A convite do meu amigo Marcos Fábio, escrevi esse texto para o site de ideias Pensar/SA. Segue abaixo o link do post
http://www.pensarsa.com.br/a-vida-na-tela-e-nas-paginas/
Quando Platão em O Fedro conotou
a diferença entre a poesia, a história e a filosofia estava demarcando uma
posição que seria legitimada séculos depois pelo que seria cognominado de mundo
ocidental quanto às funções da poesis,
da pesquisa e do filos.
Tal diferença consistia na
composição de que tanto a poesia quanto a filosofia versavam sobre o inefável,
o não-dito, enquanto a história só poderia narrar sobre o real acontecido. A
poesia e a filosofia passavam a se encarregar do hiato, do vazio, do silêncio,
ainda que pronunciado. O falar literário e o filosófico eram e são formas
inescapáveis de anunciar algo que não se sabe, mas que precisa ser dito.
Séculos depois de Platão mil
teoremas já foram escritos para descrever o sentido da poesia e da filosofia,
todos sem um ponto final. Há algo de mistério em elucidar o que se esconde por
detrás do cosmos, pletora relação de ligação com a existência humana. A arte, atrelada à poesia, ainda se sentiu
mais leve quando se colocou na condição de não ser exato, exatamente como amor
não cabendo em si.
Assim, poetas, literatos enfim,
esses filósofos da arte, da vida, cuja capacidade de descrever o que poderia
ser, tem ao longo dos tempos se enredado na difícil tarefa de escrever sobre a
vida logrando total êxito. Não se trata de questionar porque tantos
alfarrábios, tantas bibliotecas repletas de histórias sobre vidas imaginadas
com pintadas de encenações autobiográficas se avolumando sem que se chegue a uma
definição sobre o que seja existir, e sim, porque exatamente a não definição do
que venha a ser existir impulsiona a necessidade de tantos escritores tentarem
decifrá-la. O mistério talvez seja esse: a vida se apresenta da forma como a
concebemos, por isso cada um compõe seu enredo, sua trama, monta sua história.

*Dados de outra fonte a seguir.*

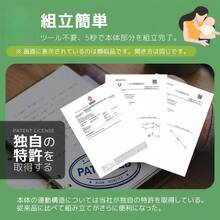 ベビーサークル 折りたたみ プレイヤード サイド高さ調整可能 マット付 収納バッグ付 マット付 キャスター付き 多機能 軽量 出産祝い - タイプA-ライトベージュ1 - チェックする 5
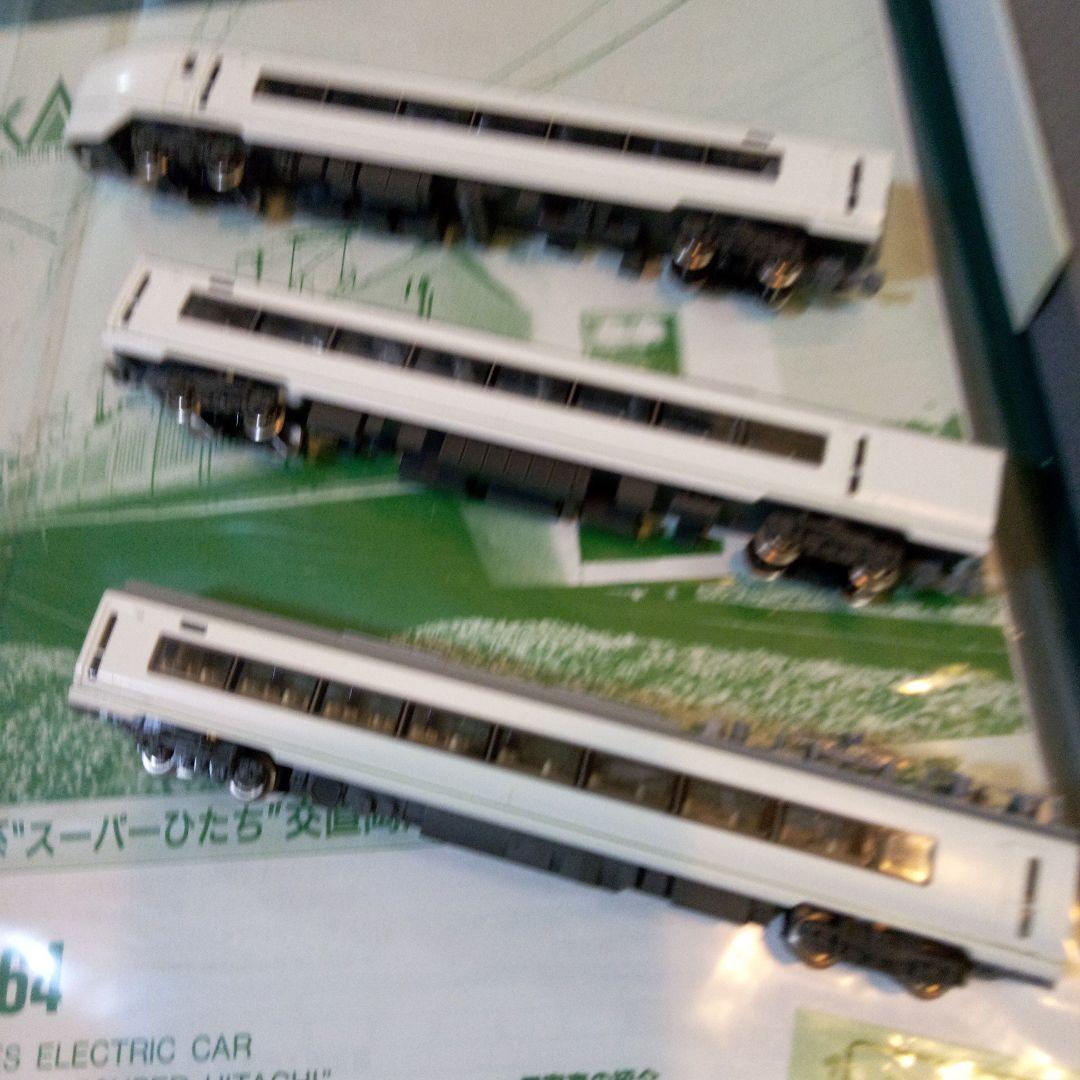 Nゲージスーパーひたちしゅんつくさま専用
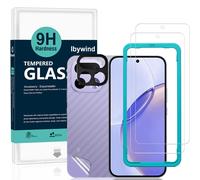 Ibywind Vetro Temperato per Realme 16 Pro 5G 2 Pezzi Durezza 9H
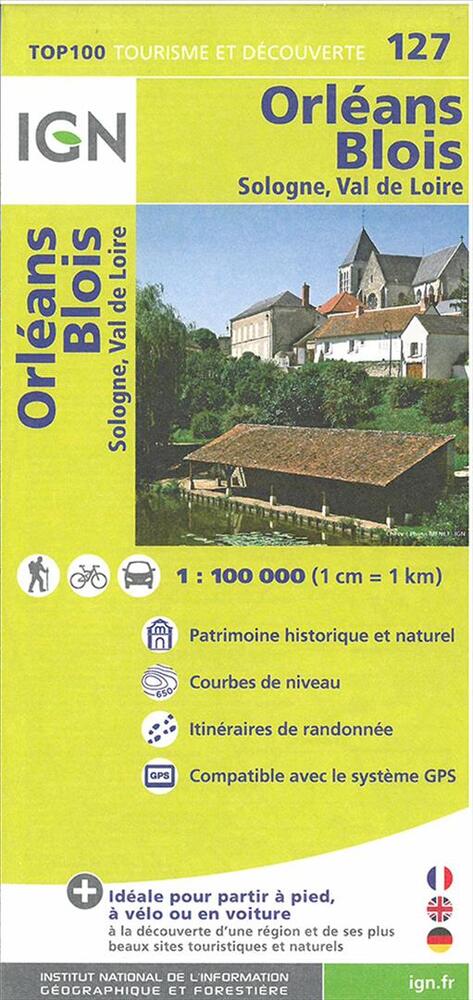 TOP100: 127 Orleans - Blois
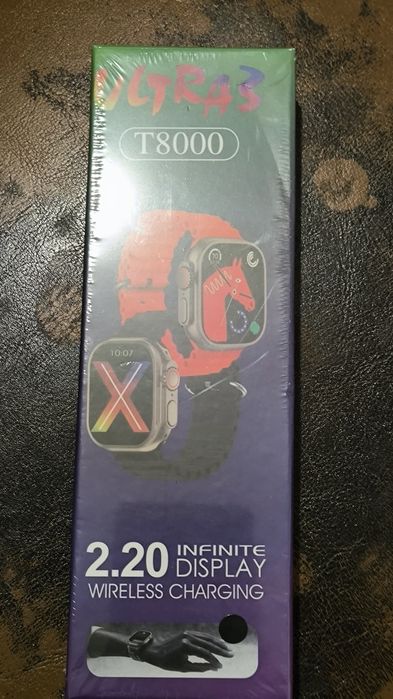 Smartwatch novo selado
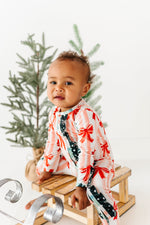 Bows | ZIP ROMPER - By Baano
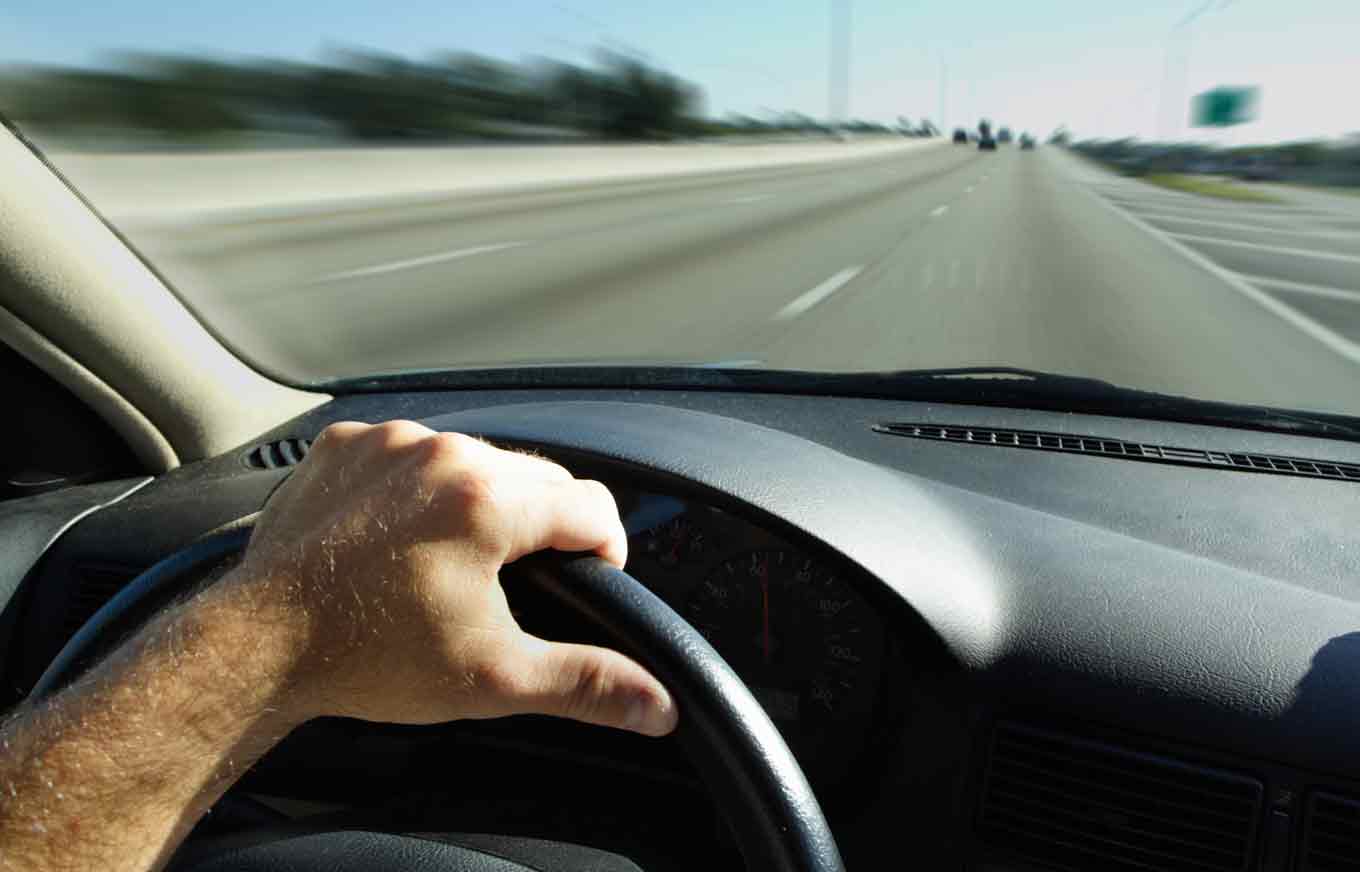 driving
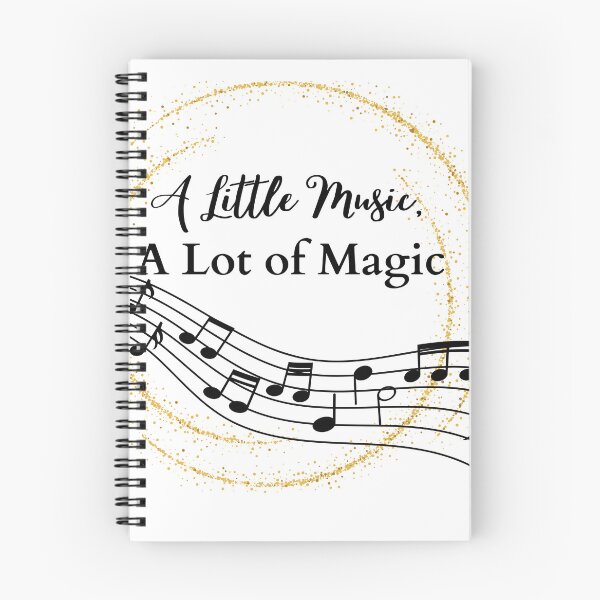Item preview, A Little Music, A Lot Of Magic designed and sold by Everlumias.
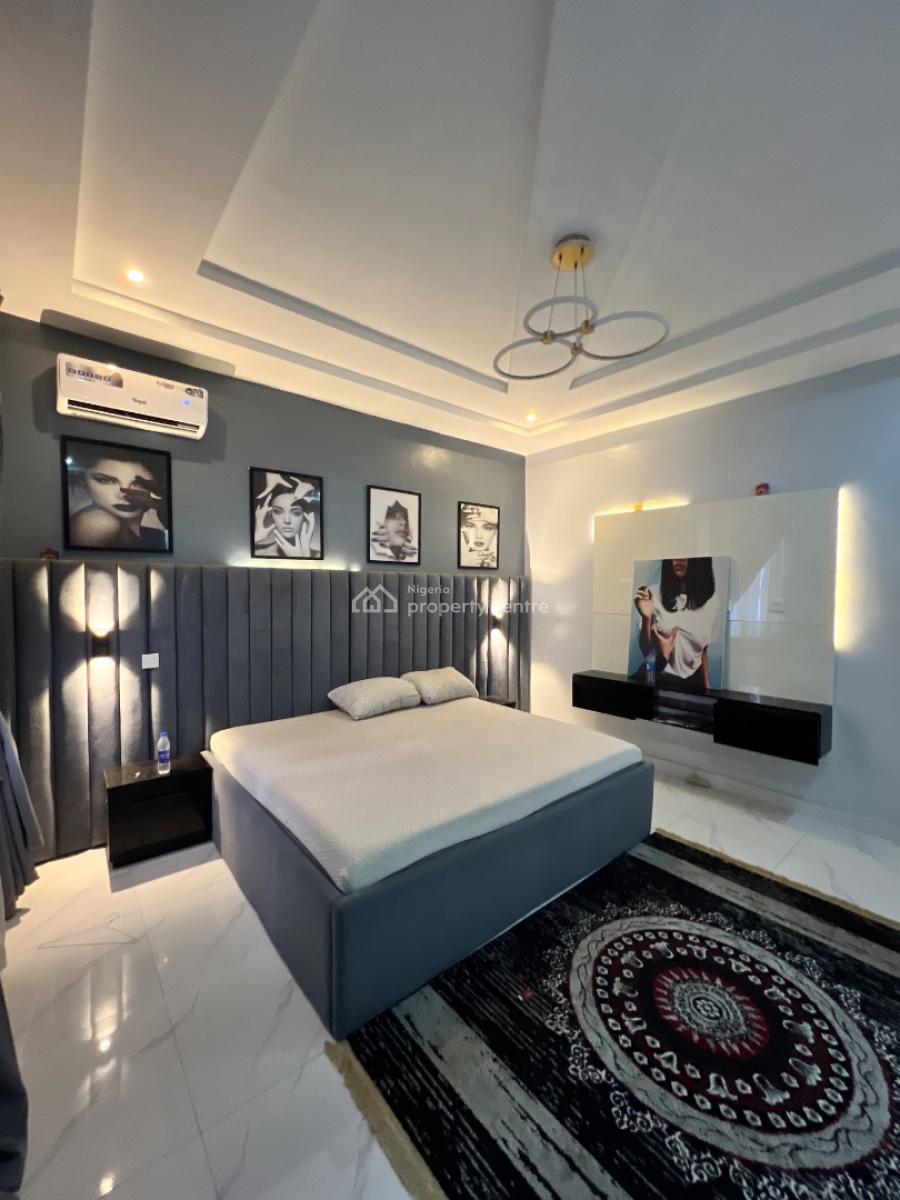 Furnished 1 Bedroom with Swimming Pool, Ikate, Lekki, Lagos, Mini Flat (room and Parlour) for Rent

Não satisfeitos apenas com a
capacidade imaginativa da literatura em papel os irmãos Lumiere resolveram dar
movimento as palavras criando um cinematografo, uma espécie de literatura com
imagens em movimento, depois resignificado e reelaborado por Chaplin
cognominado de cinema.
De lá pra cá milhões de pessoas
ao redor do mundo começaram a dar movimentos aos conjuntos de sonhos indecifrados,
particularizados, mas quando expostos numa tela passaram a ter correlação com
outros sonhos ou possibilitando a efervescência daqueles que estavam submersos.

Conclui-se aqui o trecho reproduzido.